** Work order **
Begin the copy at the line containing "I hope these" in the data below and end it at the line containing "Why can an implant", keeping each line exact and leaving out pictures.

** Provided entries **
---*---

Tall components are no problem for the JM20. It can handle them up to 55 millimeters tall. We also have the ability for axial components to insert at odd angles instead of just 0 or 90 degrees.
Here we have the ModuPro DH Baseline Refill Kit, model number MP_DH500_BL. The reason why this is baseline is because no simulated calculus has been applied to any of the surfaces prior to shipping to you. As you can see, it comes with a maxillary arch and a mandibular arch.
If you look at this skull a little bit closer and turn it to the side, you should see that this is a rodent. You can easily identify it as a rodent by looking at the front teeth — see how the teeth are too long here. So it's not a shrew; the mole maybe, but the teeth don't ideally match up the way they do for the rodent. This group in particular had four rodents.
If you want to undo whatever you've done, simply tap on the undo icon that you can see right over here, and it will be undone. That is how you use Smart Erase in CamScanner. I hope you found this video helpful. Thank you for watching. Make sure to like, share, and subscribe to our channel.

---*---

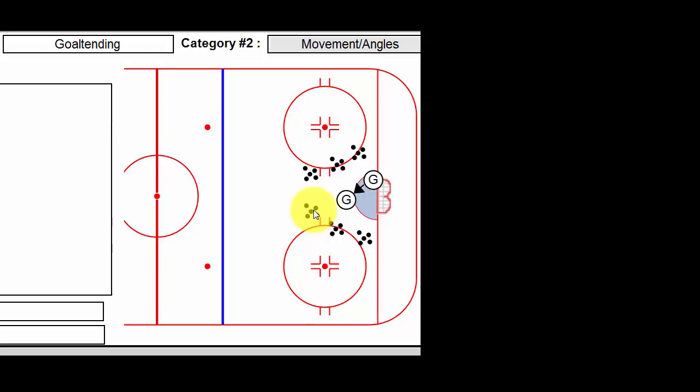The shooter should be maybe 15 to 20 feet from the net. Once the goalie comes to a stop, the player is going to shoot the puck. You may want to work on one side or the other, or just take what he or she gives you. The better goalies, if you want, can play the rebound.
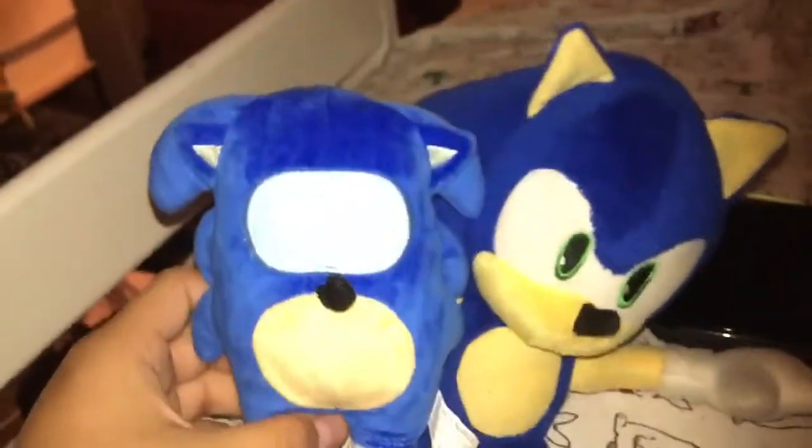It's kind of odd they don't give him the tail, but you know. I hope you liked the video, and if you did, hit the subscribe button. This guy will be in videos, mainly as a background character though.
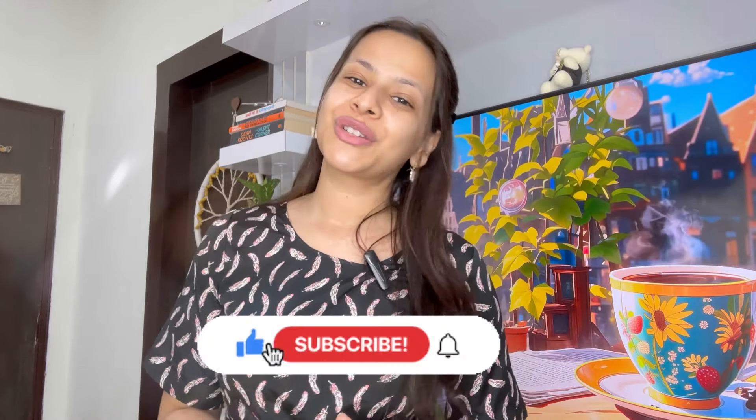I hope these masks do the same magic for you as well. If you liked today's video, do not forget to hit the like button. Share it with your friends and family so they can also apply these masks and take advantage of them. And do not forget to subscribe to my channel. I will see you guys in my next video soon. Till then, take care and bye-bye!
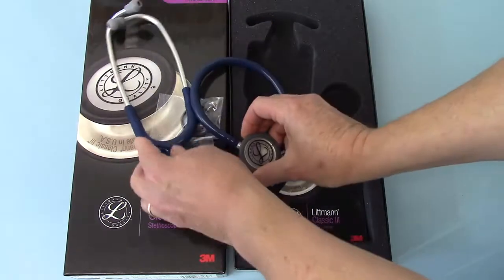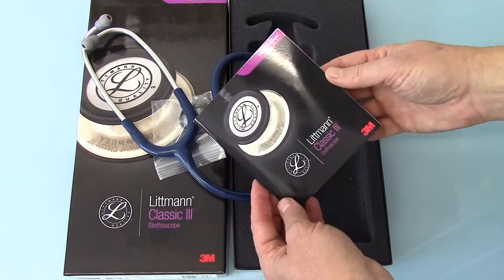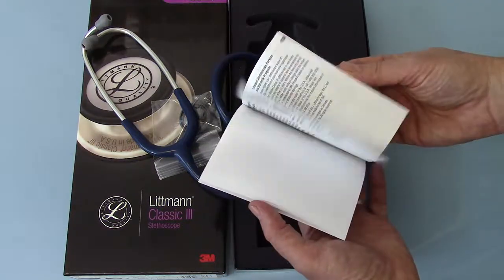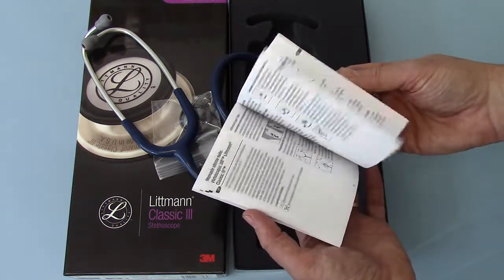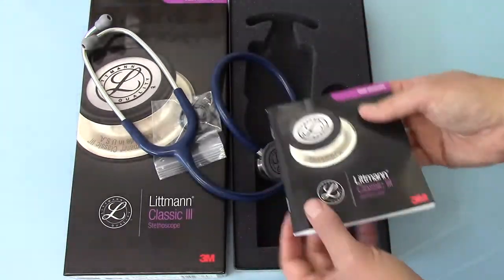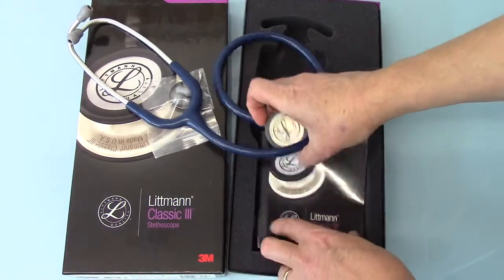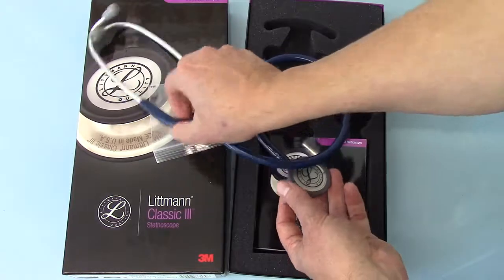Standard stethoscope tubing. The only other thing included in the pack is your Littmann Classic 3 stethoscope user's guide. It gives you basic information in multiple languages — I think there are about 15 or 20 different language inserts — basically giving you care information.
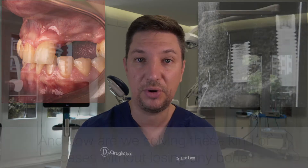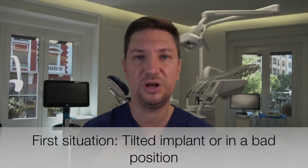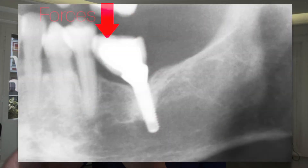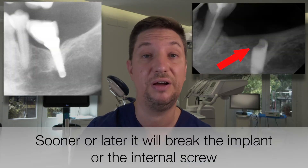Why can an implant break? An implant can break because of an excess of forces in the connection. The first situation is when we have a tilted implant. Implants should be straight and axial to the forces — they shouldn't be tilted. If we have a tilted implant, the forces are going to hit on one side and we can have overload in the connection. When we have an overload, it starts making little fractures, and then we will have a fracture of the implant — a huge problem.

---*---

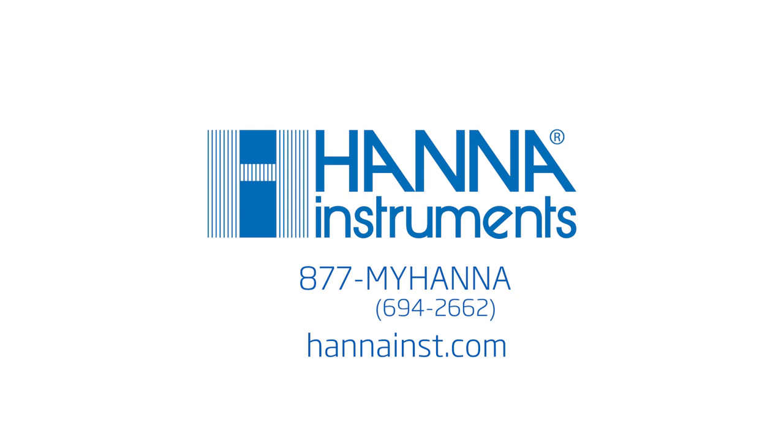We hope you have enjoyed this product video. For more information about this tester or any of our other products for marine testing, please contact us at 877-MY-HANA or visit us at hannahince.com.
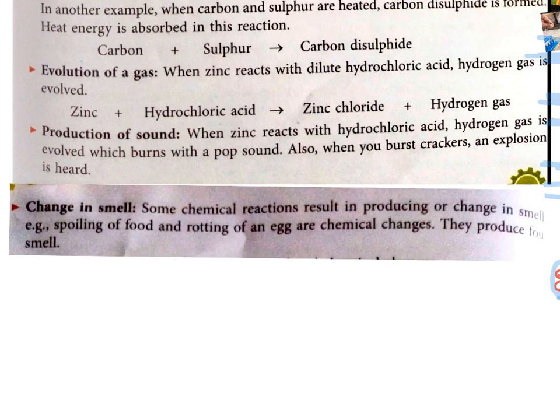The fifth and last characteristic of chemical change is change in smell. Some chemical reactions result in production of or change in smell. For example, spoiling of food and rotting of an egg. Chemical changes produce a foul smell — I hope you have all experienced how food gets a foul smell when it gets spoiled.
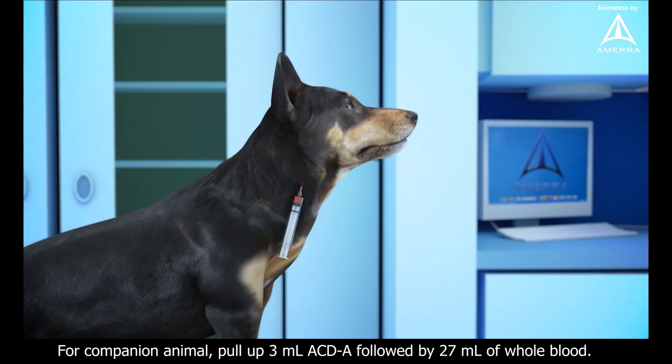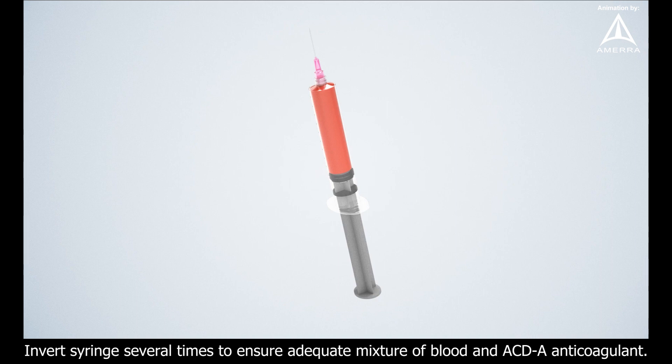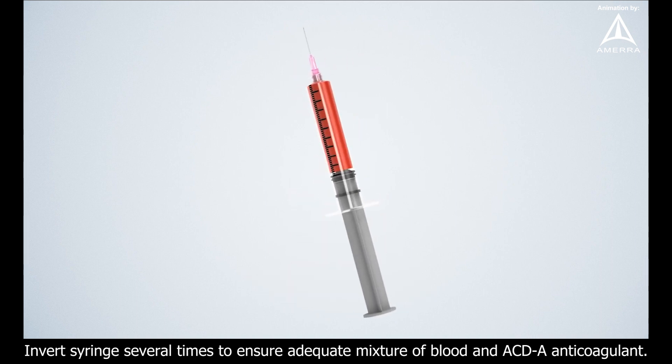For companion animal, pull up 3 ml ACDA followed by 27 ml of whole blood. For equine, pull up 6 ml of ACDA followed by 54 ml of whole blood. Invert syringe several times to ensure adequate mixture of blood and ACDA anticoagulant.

---*---

** Reply to the task **
I hope these masks do the same magic for you as well. If you liked today's video, do not forget to hit the like button. Share it with your friends and family so they can also apply these masks and take advantage of them. And do not forget to subscribe to my channel. I will see you guys in my next video soon. Till then, take care and bye-bye!
Standard stethoscope tubing. The only other thing included in the pack is your Littmann Classic 3 stethoscope user's guide. It gives you basic information in multiple languages — I think there are about 15 or 20 different language inserts — basically giving you care information.
Why can an implant break? An implant can break because of an excess of forces in the connection. The first situation is when we have a tilted implant. Implants should be straight and axial to the forces — they shouldn't be tilted. If we have a tilted implant, the forces are going to hit on one side and we can have overload in the connection. When we have an overload, it starts making little fractures, and then we will have a fracture of the implant — a huge problem.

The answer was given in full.